Neural Collaborative Filtering

TL;DR

This paper introduces NCF, a neural network framework for collaborative filtering in recommender systems, replacing traditional inner product models with deep learning to improve recommendation accuracy on real-world datasets.

Contribution

The paper proposes a novel neural network-based framework for collaborative filtering that generalizes matrix factorization and leverages deep learning for better modeling of user-item interactions.

Findings

NCF outperforms state-of-the-art methods on real-world datasets.

Deeper neural network layers lead to improved recommendation performance.

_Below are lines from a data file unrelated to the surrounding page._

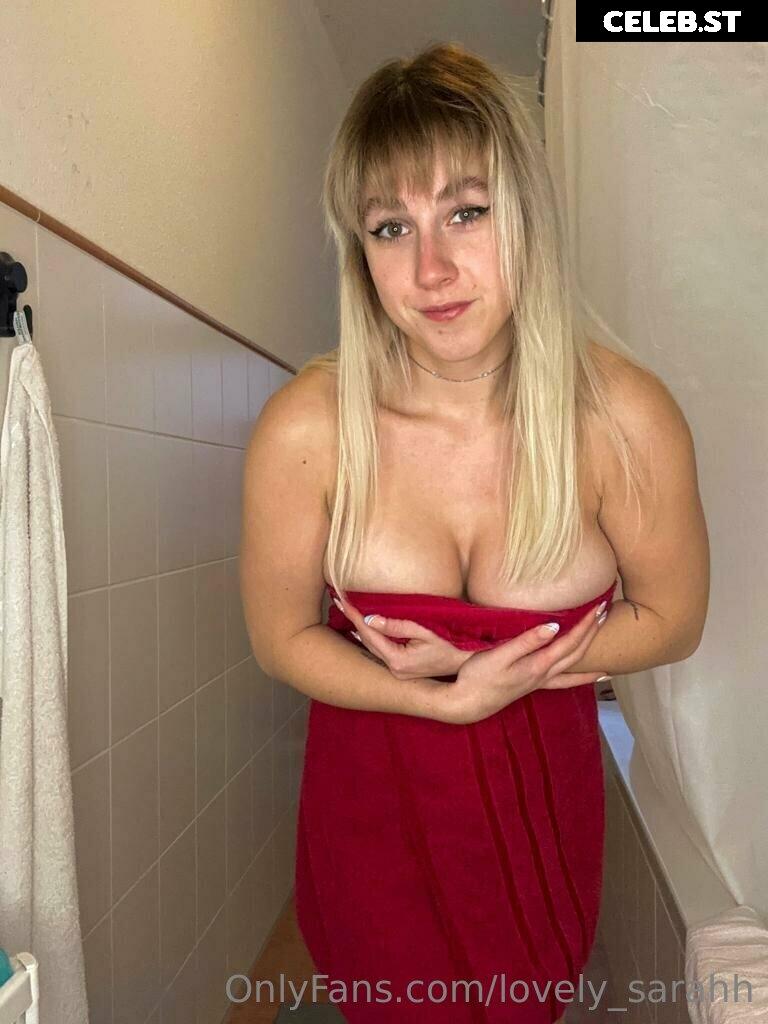 lovely_sarahh Image 2659308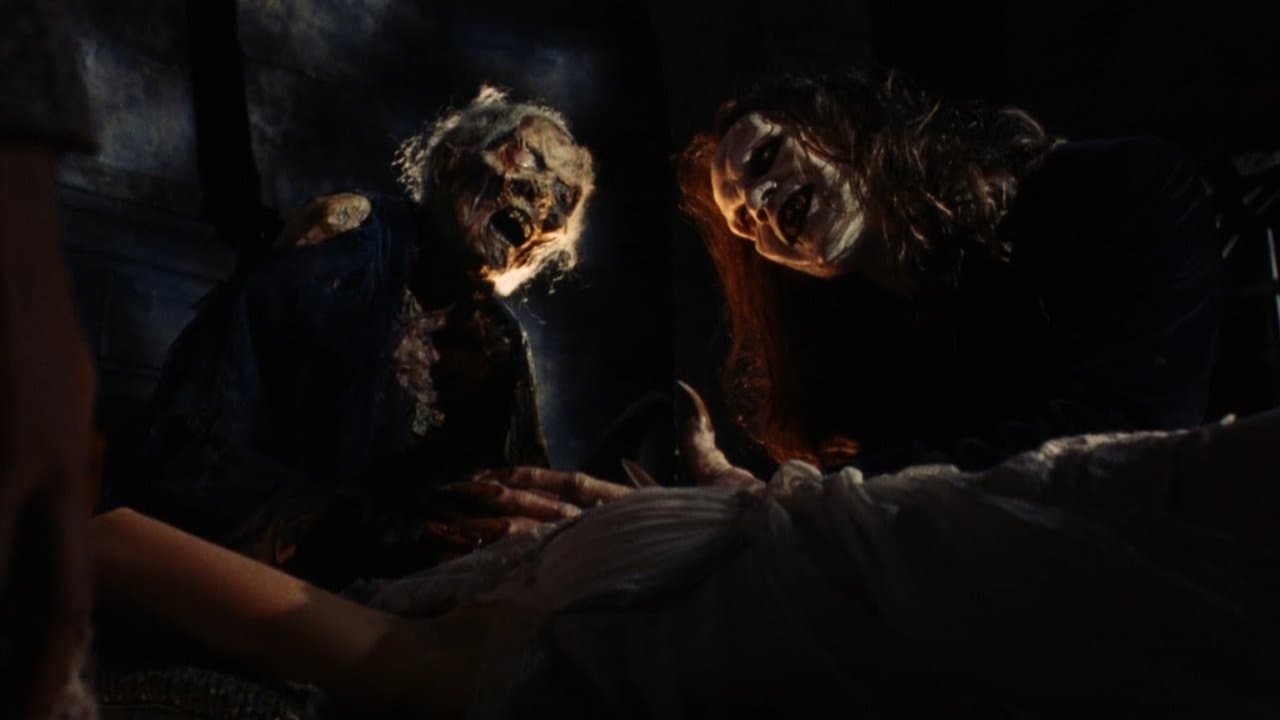 Podgatunek 2: Krwawnik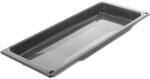 Bosch Tava ingusta BOSCH 17008708, L45.5cm, l18.80cm, H3.90cm, G1.1kg (17008708)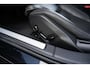 Volvo V60 T8 Ultra Dark B&W 360c Pano HUD Massage ACC 19''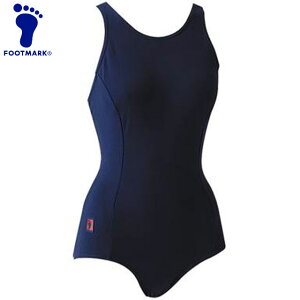 lR|X tbg}[N FOOTMARK K[Y XN[ XN[ q nCQ[W JR s[X pi p ACe ObY ANZT[ j 101502J1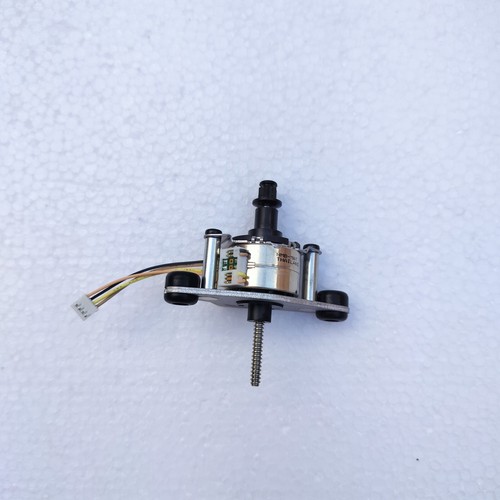 Martin motor assy n - motor,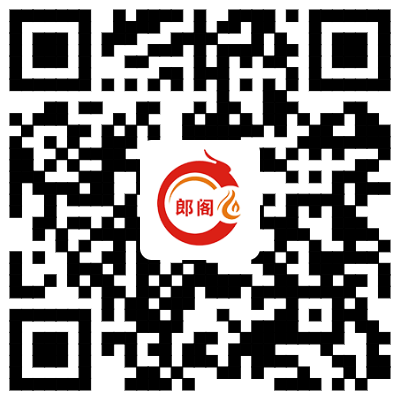 進(jìn)入移動(dòng)端站點(diǎn)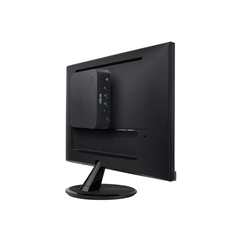 Máy bộ ASUS Mini PC ExpertCenter PN54-S70080HN (Ryzen AI 7 350/ 3Y)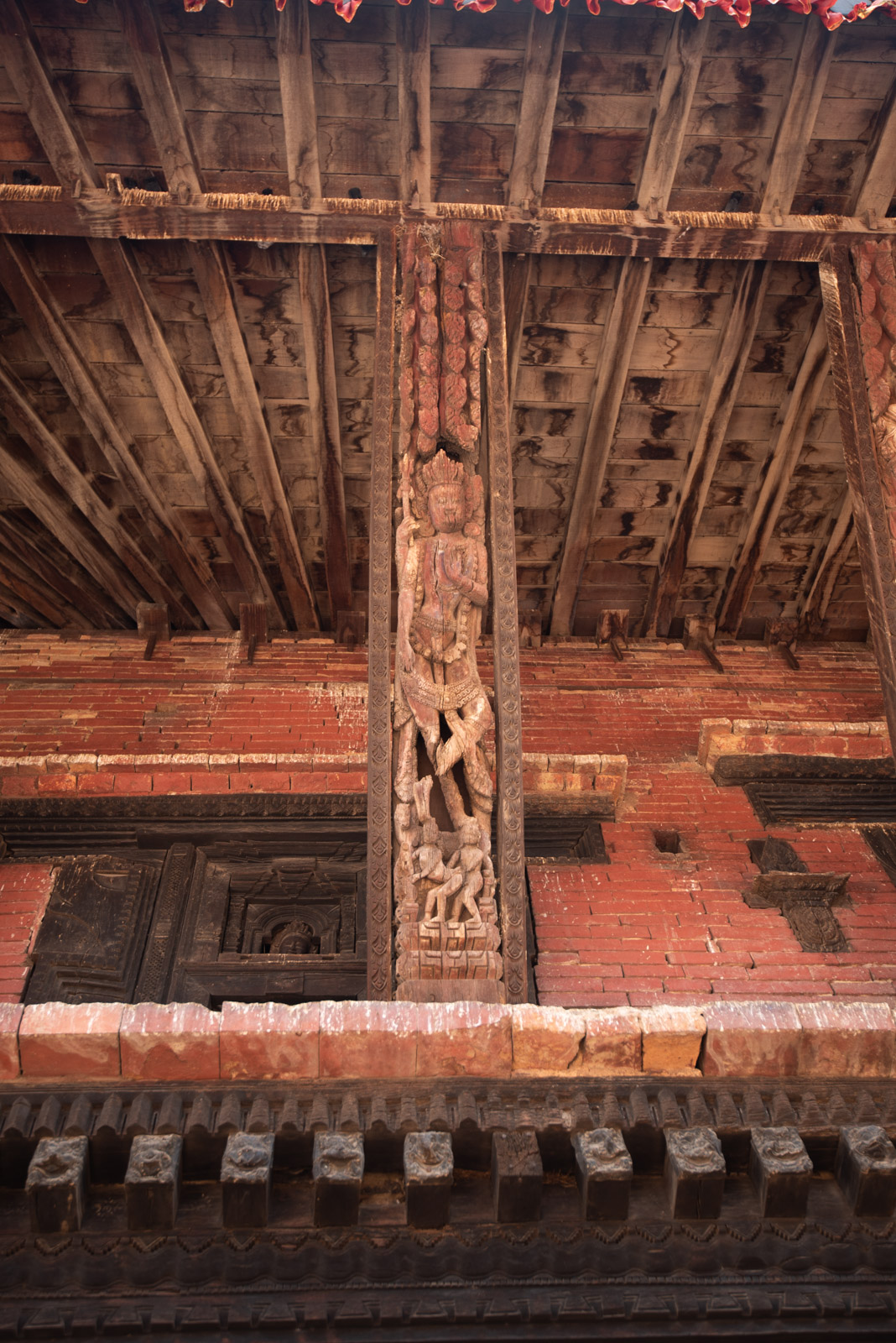 190615 085638 DSC 6098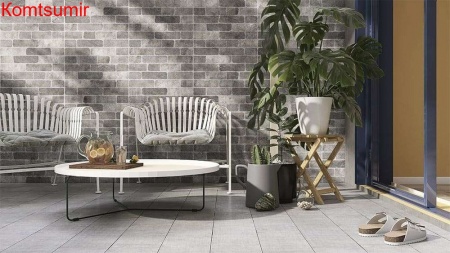 Коллекция Global Tile New York 60*30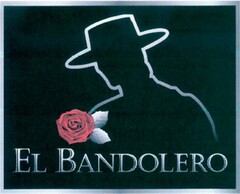 EL BANDOLERO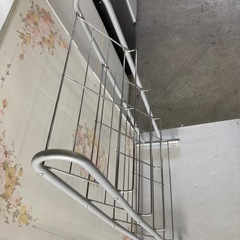 シューズラック・マイセルフの画像
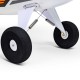 E-Flite Night Timber X Evolution 1.2m PNP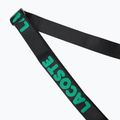 Sacca da uomo Lacoste NH4798TX fettuccia jacquard noir 4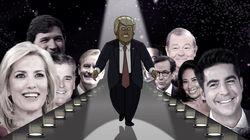 Fox News Fox News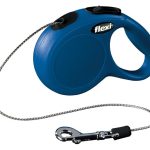 <strong title="Flexi Lesa Flexi Classic, Snur, XS: 3 m/8 kg, Albastru, 11772 – Caini / La Plimbare / Lese Retractabile">Flexi Lesa Flexi Classic, Snur, XS: 3 m/8 kg, Albastru, 11772 – Caini / La Plimbare / Lese...</strong>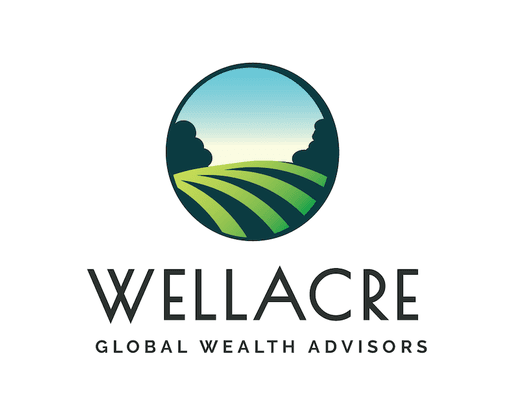 WellAcre Global Wealth Advisors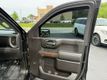 2020 GMC Sierra 1500 4WD Crew Cab 157" Denali - 23042596 - 21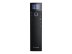 Cплит-система Daikin FTXJ20AB9/RXJ20A9 Emura 3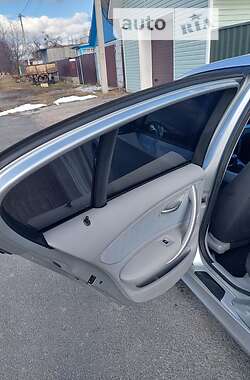 Хэтчбек BMW 1 Series 2009 в 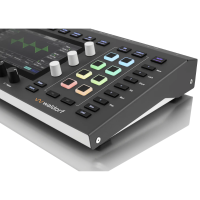 ≫ Comprar WALDORF IRIDIUM CORE - 1658 € | Profesional DJ®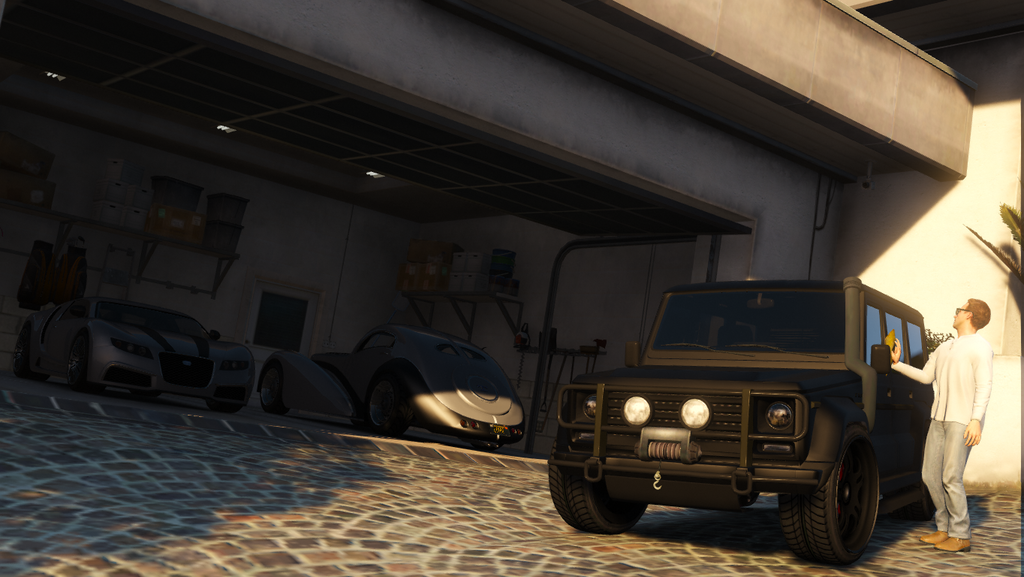 GTA5%202015-11-06%2018-03-02-76_zps99j6w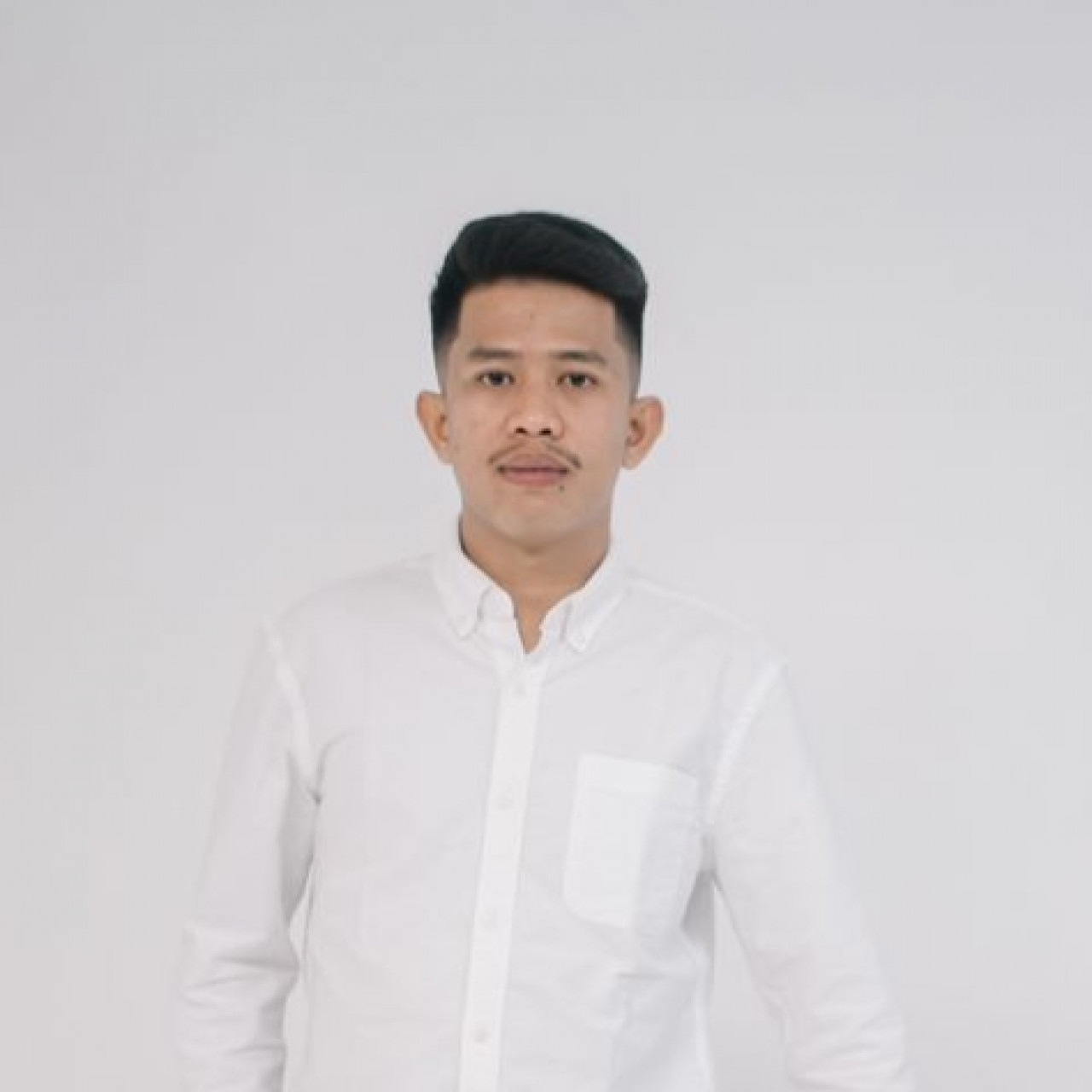 147961-gallery-1697018895.jpg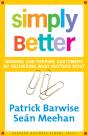 Simply Better - Preview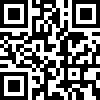 https://mehrnews.com/x3bPrJ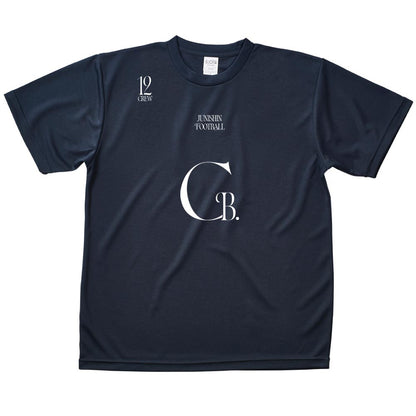 FJ “SC”  Tee (S003-011W15)発送まで10日ほどお時間を頂戴します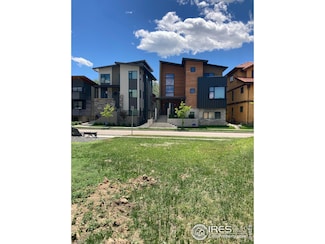 232 Pascal St, Fort Collins, CO 80524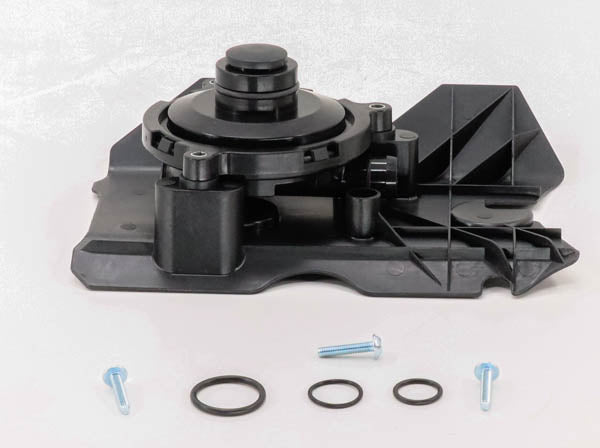 SAO 7111 oil separator element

Replacing inner product with neural networks captures complex user-item interactions.

Abstract

In recent years, deep neural networks have yielded immense success on speech recognition, computer vision and natural language processing. However, the exploration of deep neural networks on recommender systems has received relatively less scrutiny. In this work, we strive to develop techniques based on neural networks to tackle the key problem in recommendation -- collaborative filtering -- on the basis of implicit feedback. Although some recent work has employed deep learning for recommendation, they primarily used it to model auxiliary information, such as textual descriptions of items and acoustic features of musics. When it comes to model the key factor in collaborative filtering -- the interaction between user and item features, they still resorted to matrix factorization and applied an inner product on the latent features of users and items. By replacing the inner product with a neural architecture that can learn an arbitrary function from data, we present a general framework named NCF, short for Neural network-based Collaborative Filtering. NCF is generic and can express and generalize matrix factorization under its framework. To supercharge NCF modelling with non-linearities, we propose to leverage a multi-layer perceptron to learn the user-item interaction function. Extensive experiments on two real-world datasets show significant improvements of our proposed NCF framework over the state-of-the-art methods. Empirical evidence shows that using deeper layers of neural networks offers better recommendation performance.